Il faut remonter aux années 90 et au gouvernement de Boris Eltsine pour comprendre en quoi deux visions de la Russie s’opposent. Du point de vue occidental, la période Eltsinienne est une extraordinaire marche vers la démocratie. Mais du côté russe, cette époque représente le chaos et marque “une véritable marche vers une paupérisation phénoménale” souligne Jean-Pierre Arrignon.

Poutine a donc marqué un tournant en modernisant le pays et son armée.
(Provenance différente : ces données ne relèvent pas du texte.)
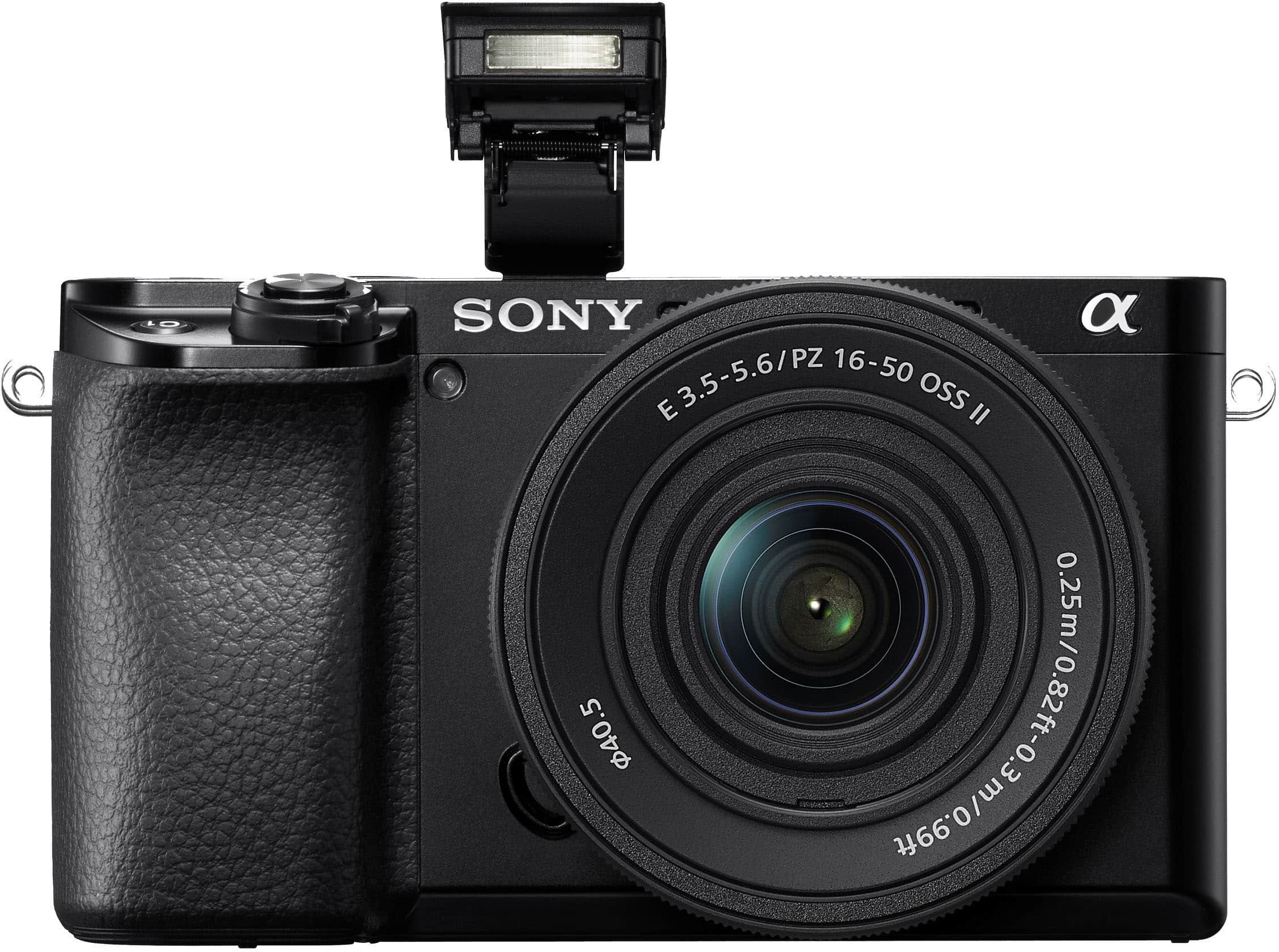 Sony Alpha 6100 APS C Mirrorless Camera 4K Video Camera with E PZ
Poutine, l’homme à abattre

« Le grand vilain » fait peur. Désigné l’homme le plus puissant du monde par le magazine Forbes, il a réussi à calmer une angoisse née de la chute de l’URSS. Depuis son arrivée au pouvoir en 2004, il s’est doté d’environ 400 missiles nucléaires inter-continentaux. L’armée se professionnalise : « ils ont diminué le nombre de soldats mais les ont rendu extrêmement performants grâce aux exercices à répétition » précise Jean-Pierre Arrignon.

Dans un contexte international tendu, la Russie a repris la troisième place des pays les plus dépensiers pour son armement. Elle a consacré, en 2016, 69,2 milliards de dollars à sa défense, soit 5,9% de plus qu’en 2015. Poutine répète régulièrement des manœuvres militaires la réactivité de son armée en cas d’attaque.
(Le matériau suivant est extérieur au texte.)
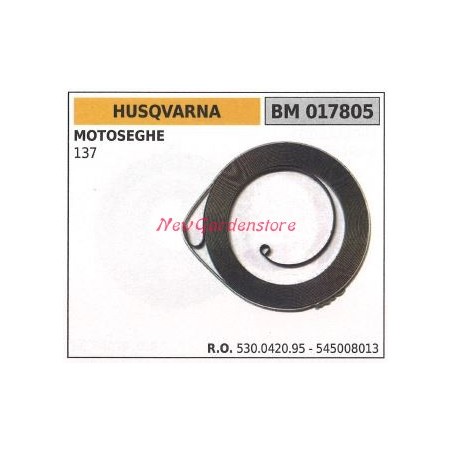 Molla avviamento HUSQVARNA motosega 137 017805 | Newgardenstore.eu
La Russie n’est pas « une entité totalement indépendante » rappelle Jean-Pierre Arrignon. Elle est membre de l’OCS, organisation de coopération de Shanghai, une coalition qui regroupe la Russie, la Chine, le Kazakhstan, le Kirghizistan, le Tadjikistan et l’Ouzbékistan. Créée en 1996, cette organisation fait suite à la prise de pouvoir des talibans en Afghanistan. Les pays membres “estimaient que l’Occident ne réagissait pas”. Les manœuvres militaires conjointes avec cette organisation se déroulent tous les ans.
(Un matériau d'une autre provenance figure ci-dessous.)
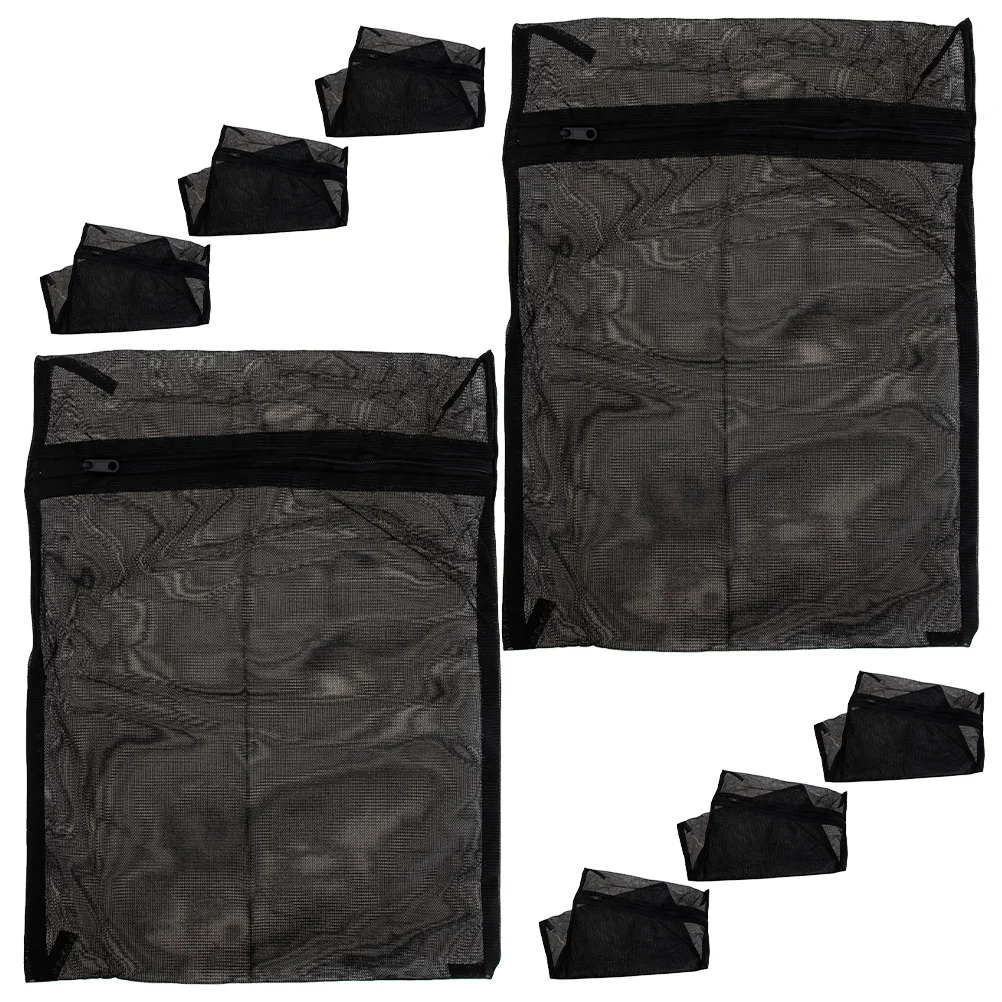 Alipis Black Laundry Bag Mesh Bra Toiletry Delicates Wash Bags Zipper Washing Underwear
Alipis Black Laundry Bag Mesh Bra Toiletry Delicates Wash Bags Zipper Washing Underwear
Qui mène la danse de la course aux armements ?

L’opération ZAPAD 2017 a fait polémique. Le 18 septembre 2017, la Russie déploie 12 700 soldats pendant une semaine en Biélorussie, aux portes de l’Union Européenne. Les États-Unis dénonce un manque de transparence de la part de la Russie.

Là encore, deux interprétations s’opposent.

L’opération Zapad 2017 « n’est pas un mensonge » avance Jean-Pierre Arrignon. “Il s’agissait véritablement de manœuvres pour rendre opérationnelle l’armée russe”. Cette opération serait une « réponse » à l’implantation massive de l’OTAN depuis la Roumanie jusqu’aux Pays Baltes, réaction suite à l’envoi d’hommes, de chars d’assaut, des missiles… Selon lui, « les Russes se préparent à une possible attaque de l’OTAN et des américains ».

Pour Isabelle Facon, “cette réponse est équilibrée” puisqu’elle fait suite à l’offensive de la Russie en Ukraine. “Il fallait une réponse. Et un seul bataillon par pays a été décidé”. Dans l’alliance atlantique, les pays à l’Ouest comme les États Baltes et la Pologne se sentent menacés.Une raison de plus pour l’Otan de réagir.

Concernant le rôle de cette opération, «tous les scénarios les plus farfelus circulent » d’après Isabelle Facon. Les Occidentaux font sciemment monter la pression « ce qui sert le jeu de Moscou » qui n’y voit que des intérêts puisqu’elle est représentée comme surpuissante. « La Russie préfère être crainte qu’être aimée » disait déjà Pierre Hassner, spécialiste des relations internationales, en 2008, lors de la crise russo-géorgienne.

En terme de cyberguerre, les Russes seraient « bien au dessus des Américains » selon Jean-Pierre Arrignon, avec un recrutement incessant de hackers ces dernières années. L’affaire de l’ingérence russe le prouve : les Américains dénoncent les tentatives d’influence russes dans les décisions de vote pendant la campagne présidentielle américaine de 2016 et le piratage d’informations du Parti démocrate afin d’appuyer la candidature du républicain Donald Trump face à celle de la démocrate Hillary Clinton.

Les tensions augmentent entre les deux puissances et les relations s’enlisent entre la Russie et les aux autres pays occidentaux. Les signes annonciateurs d’une nouvelle Guerre Froide se multiplient comme l’affaire de l’empoisonnement d’un ancien espion russe, Sergueï Skripal, en Angleterre. Poutine fait peur. La Russie est « une force redoutable !» : un argument de plus pour les Occidentaux pour faire de la Russie leur ennemi public numéro 1.